Culture, art award winners honored at ceremony

ANKARA
Culture, art award winners honored at ceremony

Turkey’s President Recep Tayyip Erdoğan on Dec. 12 honored the achievements of artists with the Presidential Culture and Arts Grand Awards.

The annual award ceremony took place at the presidential complex in the capital Ankara.

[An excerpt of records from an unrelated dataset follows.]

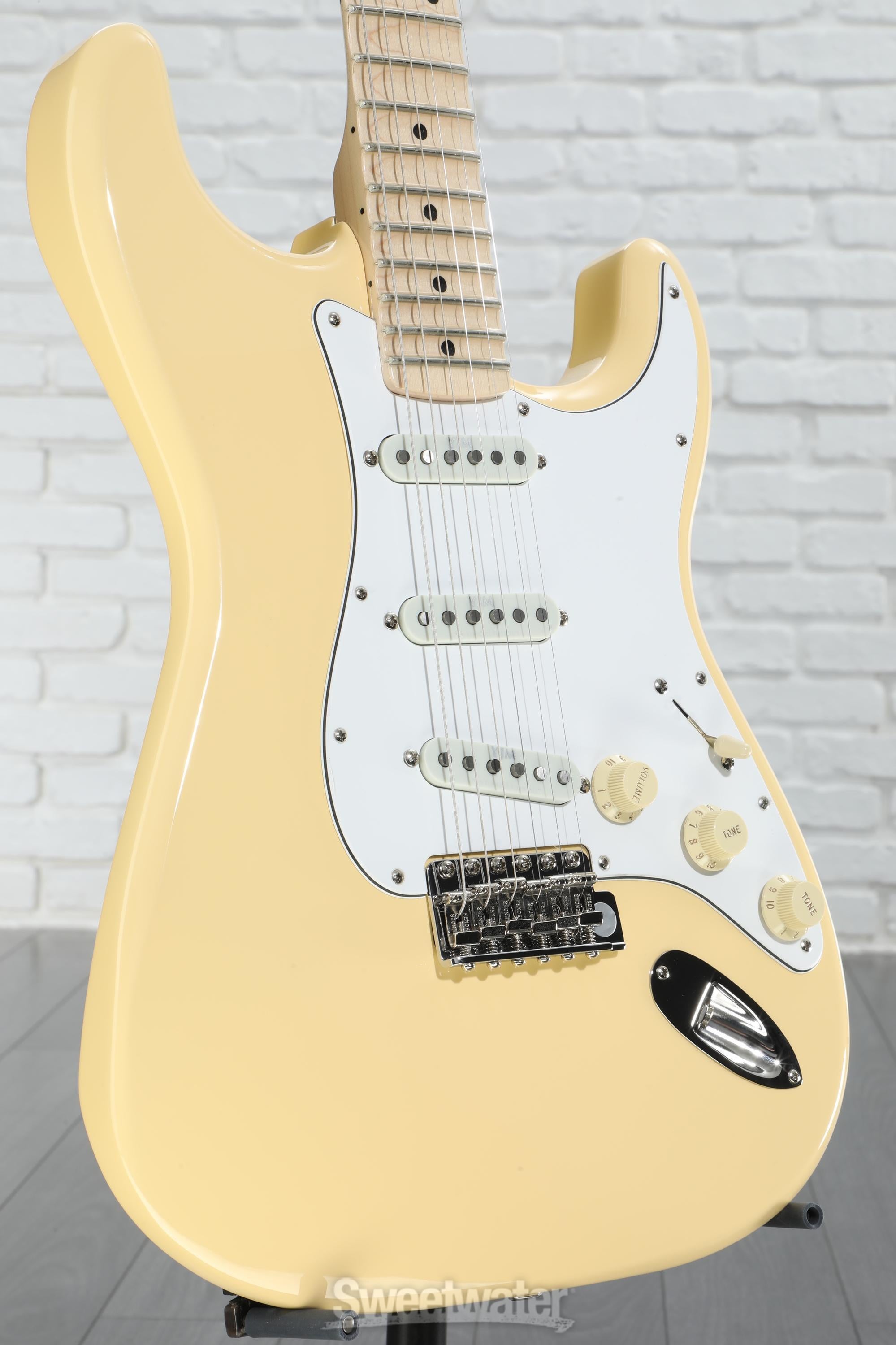 ギター Fender USA Yngwie Malmsteen Stratocaster Fender USA / Yngwie Malmsteen Stratocaster Vintage White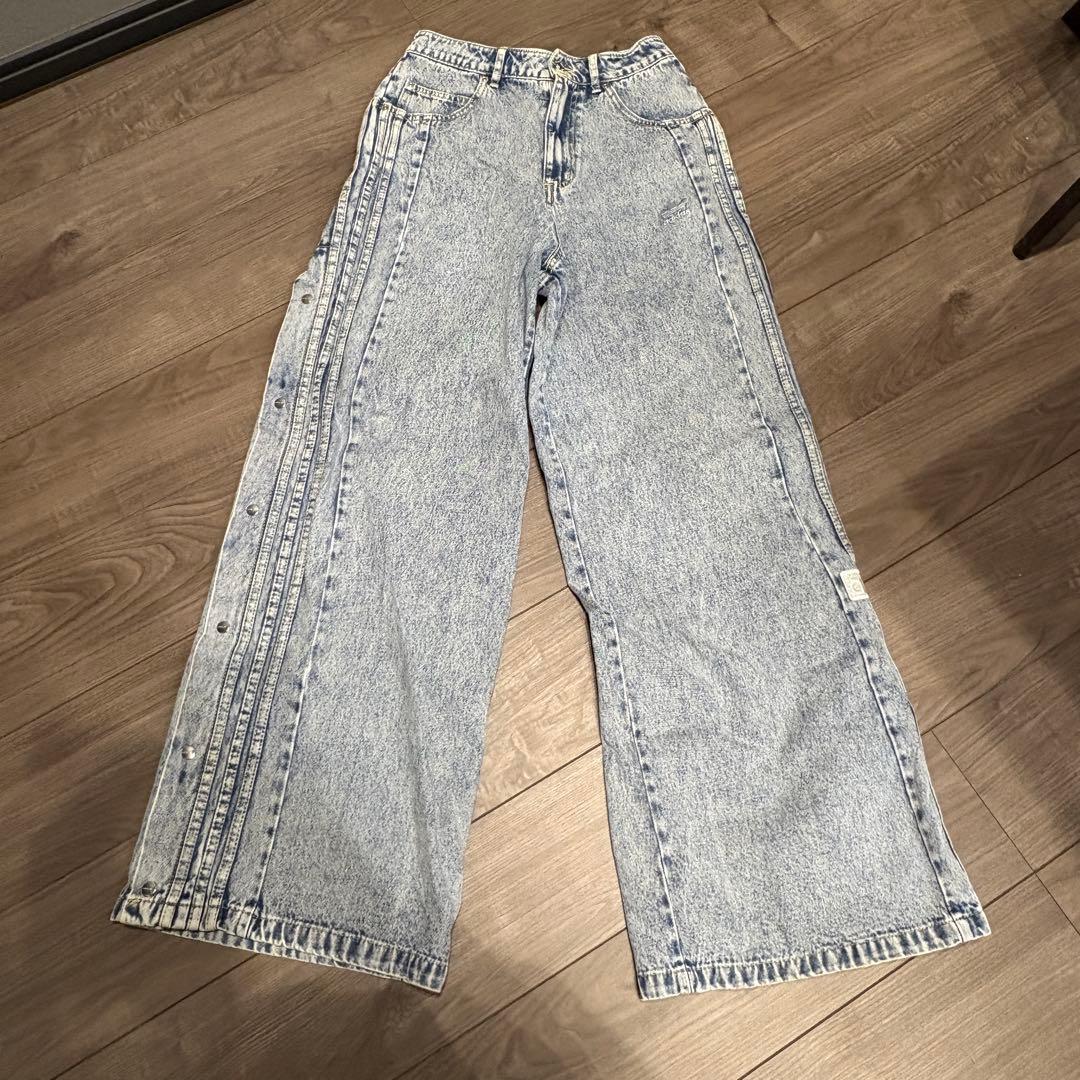 adidas ワイドレッグデニム ジーンズ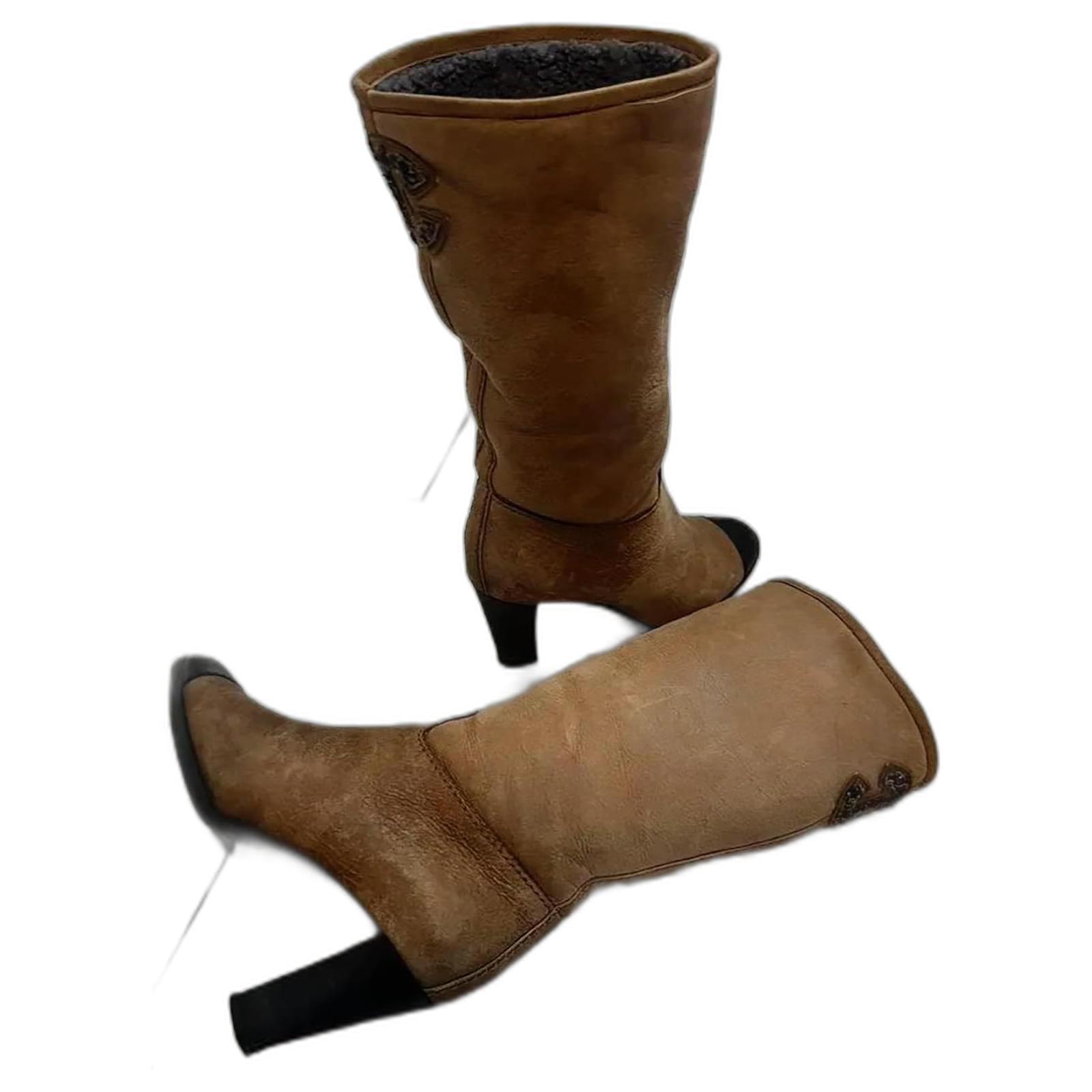 Amazing Chanel Sheepskin boots Camel Fur  ref.2145049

The awards are distributed every year by the state to Turkish and foreign artists and institutions that contribute and honor Turkish culture and art.

Erdoğan conferred the award for music to a Turkish pop-rock band MFÖ with Mazhar Alanson, Fuat Güner and Özkan Uğur for their representation of cultural identity.

Mesut Uçakan was awarded the cinema prize for lifetime contributions in the field.

The painting award was given to Devrim Erbil for his works related to cultural traditions.

Fuat Başar was honored with the traditional art award for his work in calligraphy and marbling art.

The literature prize was awarded to Nuri Pakdil who died earlier this year.

The architecture award went to Doğan Kuban for his theoretical and conceptual studies on the history of Turkish architecture, restoration activities and his views emphasizing the identity of Turkish works in Islamic architecture.

The award in the field of social sciences was given to Ahmet Yaşar Ocak for his academic contributions to Islamic history and cultural historiography.

The loyalty award was presented to former Deputy Culture and Tourism Minister Ahmet Haluk Dursun who died in a traffic accident in August in eastern Turkey.

During his speech at the ceremony, Erdoğan harshly criticized the awarding of the 2019 Nobel Prize in Literature to Peter Handke.

“The Nobel Prize in Literature was awarded to a man who praised those killing Muslim Bosnians contemptibly,” the president said.

Austrian author Handke won the prize despite his denial of the Bosnian genocide claiming the Muslim Bosniaks in Sarajevo had killed themselves.

He also openly supported Serbian leader Slobodan Milosevic, who died in 2006 at the international tribunal in The Hague on trial for war crimes and genocide.